前往小程序,Get更优阅读体验!
立即前往
首页
学习
活动
专区
工具
TVP
发布
社区首页 >专栏 >ORA-15040 ora-15017ASM磁盘无法挂载故障处理

ORA-15040 ora-15017ASM磁盘无法挂载故障处理

原创
作者头像
PHP开发工程师
修改2021-05-10 18:08:55
1.3K0
修改2021-05-10 18:08:55
举报
文章被收录于专栏:thinkphp+vue

测试环境突然一个节点的数据库无法启动,报错很清楚,找不到控制文件,而控制文件在ASM上,第一个节点正常,下面是处理流程。

数据库启动报错

SQL> startup

ORA-32004: obsolete or deprecated parameter(s) specified for RDBMS instance

ORACLE instance started.

Total System Global Area 2684354560 bytes

Fixed Size 8624312 bytes

Variable Size 989857608 bytes

Database Buffers 1677721600 bytes

Redo Buffers 8151040 bytes

ORA-00205: error in identifying control file, check alert log for more info

告警日志:

alter database mount

2021-04-22T15:06:27.293867+08:00

NOTE: ASMB mounting group 3 (USERDATA)

NOTE: ASM background process initiating disk discovery for grp 3 (reqid:0)

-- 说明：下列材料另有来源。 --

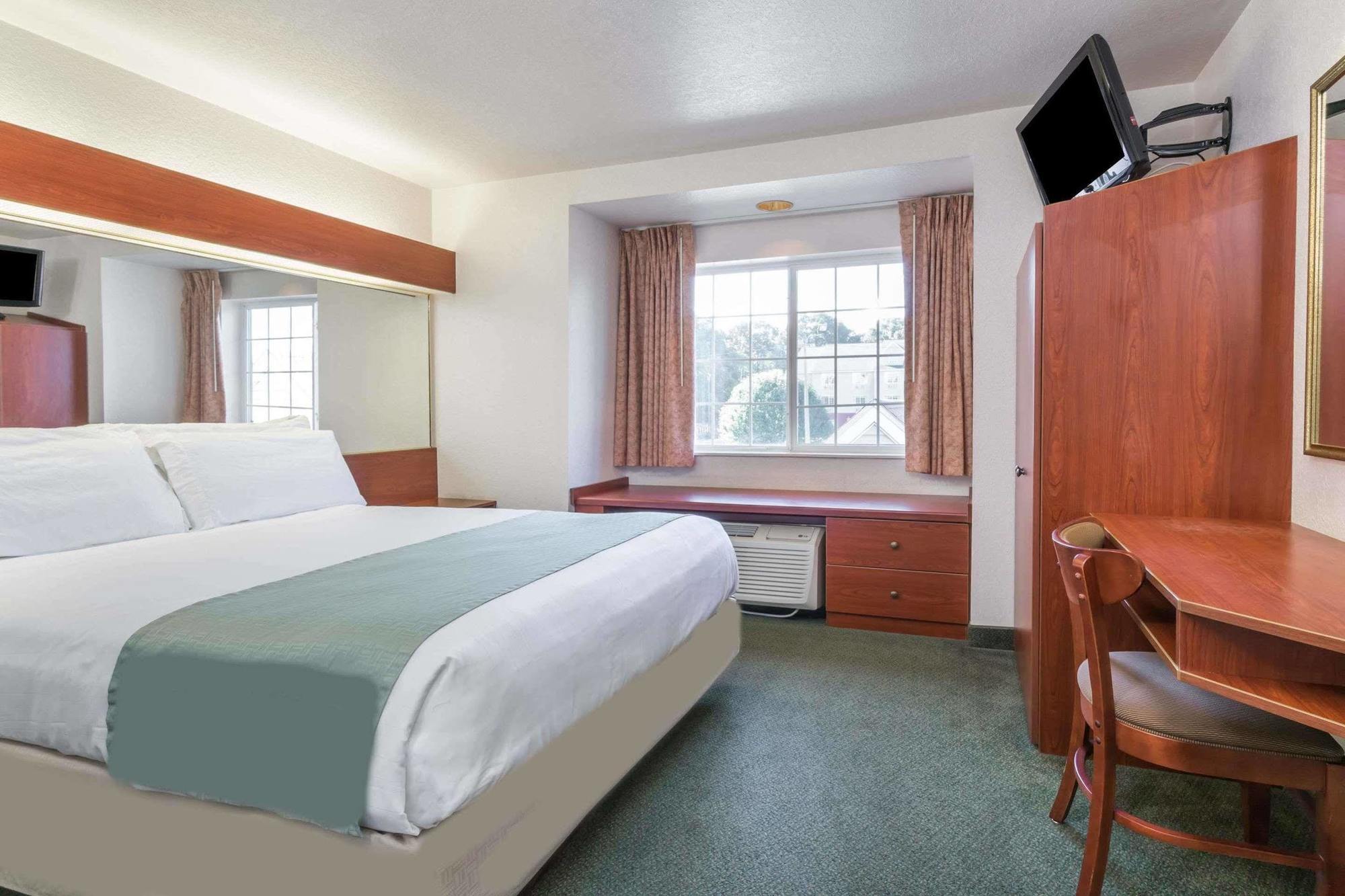 Microtel Inn & Suites Marianna Εξωτερικό φωτογραφία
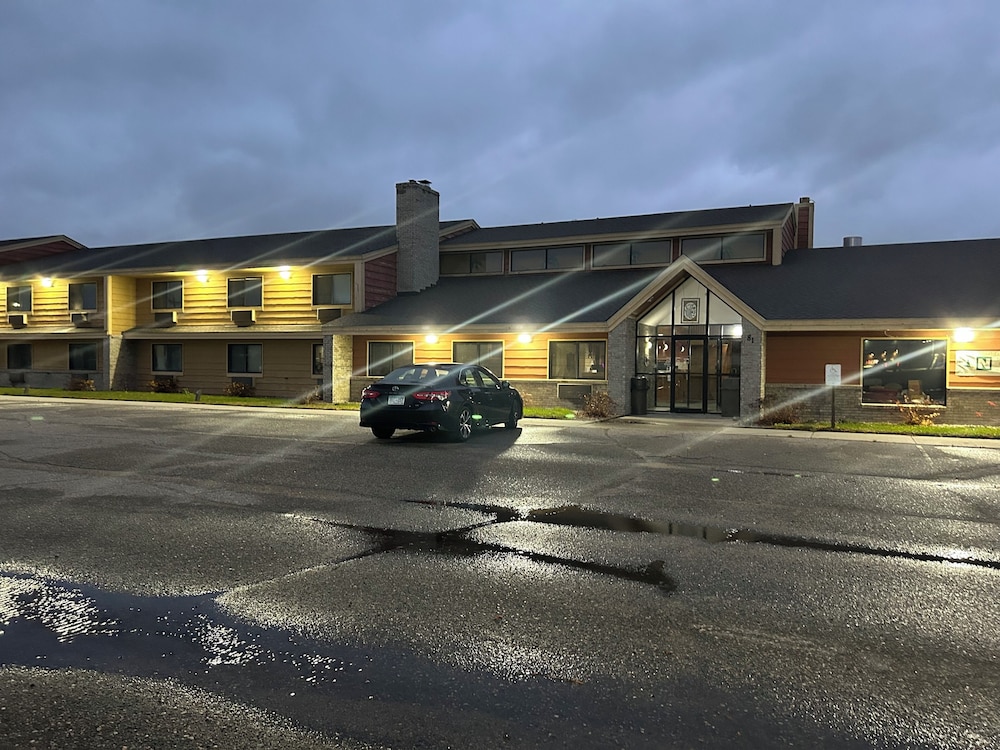 AmericInn by Wyndham Blackduck - photo 15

WARNING: group 3 (USERDATA) has missing disks

ORA-15040: diskgroup is incomplete

WARNING: group 3 is being dismounted.

WARNING: ASMB force dismounting group 3 (USERDATA) due to missing disks

SUCCESS: diskgroup USERDATA was dismounted

2021-04-22T15:06:27.330633+08:00

ORA-00210: cannot open the specified control file

ORA-00202: control file: '+USERDATA/PROD/CONTROLFILE/current.257.1055783219'

ORA-17503: ksfdopn:2 Failed to open file +USERDATA/PROD/CONTROLFILE/current.257.1055783219

ORA-15001: diskgroup "USERDATA" does not exist or is not mounted

ORA-15040: diskgroup is incomplete

ORA-205 signalled during: alter database mount...

磁盘组状态

SQL> select name,state,total_mb,type from v$asm_diskgroup

NAME STATE TOTAL_MB TYPE

-------------------- -------------------- ---------- ------------------

ACFSDATA MOUNTED 12224 EXTERN

DATA MOUNTED 51196 EXTERN

USERDATA MOUNTED 20476 EXTERN

查看磁盘组的状态

SQL>select b.name,path,a.state,a.mount_status,a.header_status from v$asm_disk a,v$asm_diskgroup b where a.group_number=b.group_number

NAME PATH STATE MOUNT_STATUS HEADER_STATUS

-------------------- -------------------- -------------------- --------------------- ------------------------------------

USERDATA /dev/sdd1 NORMAL CACHED MEMBER

ACFSDATA /dev/sdb1 NORMAL CACHED MEMBER

DATA /dev/sdc1 NORMAL CACHED MEMBER

查看磁盘信息

Disk /dev/sdd: 21.5 GB, 21474836480 bytes, 41943040 sectors

Units = sectors of 1 * 512 = 512 bytes

Sector size (logical/physical): 512 bytes / 512 bytes

I/O size (minimum/optimal): 512 bytes / 512 bytes

Disk label type: dos

Disk identifier: 0x7bf56a92

Device Boot Start End Blocks Id System

/dev/sdd1 2048 41943039 20970496 83 Linux

尝试重新mount磁盘组

SQL> alter diskgroup usedata mount;

alter diskgroup usedata mount

*

ERROR at line 1:

ORA-15032: not all alterations performed

ORA-15017: diskgroup "USEDATA" cannot be mounted

ORA-15040: diskgroup is incomplete

下面尝试mount正常的磁盘组

SQL> alter diskgroup ACFSDATA mount;

alter diskgroup ACFSDATA mount

*

ERROR at line 1:

ORA-15032: not all alterations performed

ORA-15017: diskgroup "ACFSDATA" cannot be mounted

ORA-15013: diskgroup "ACFSDATA" is already mounted

显然二者的提示不同,问题磁盘组报错15040,下马是是该错误解释

[oracle@rac2 ~]$ oerr ora 15040

15040, 00000, "diskgroup is incomplete"

// *Cause: Some of the disks comprising a diskgroup were not present.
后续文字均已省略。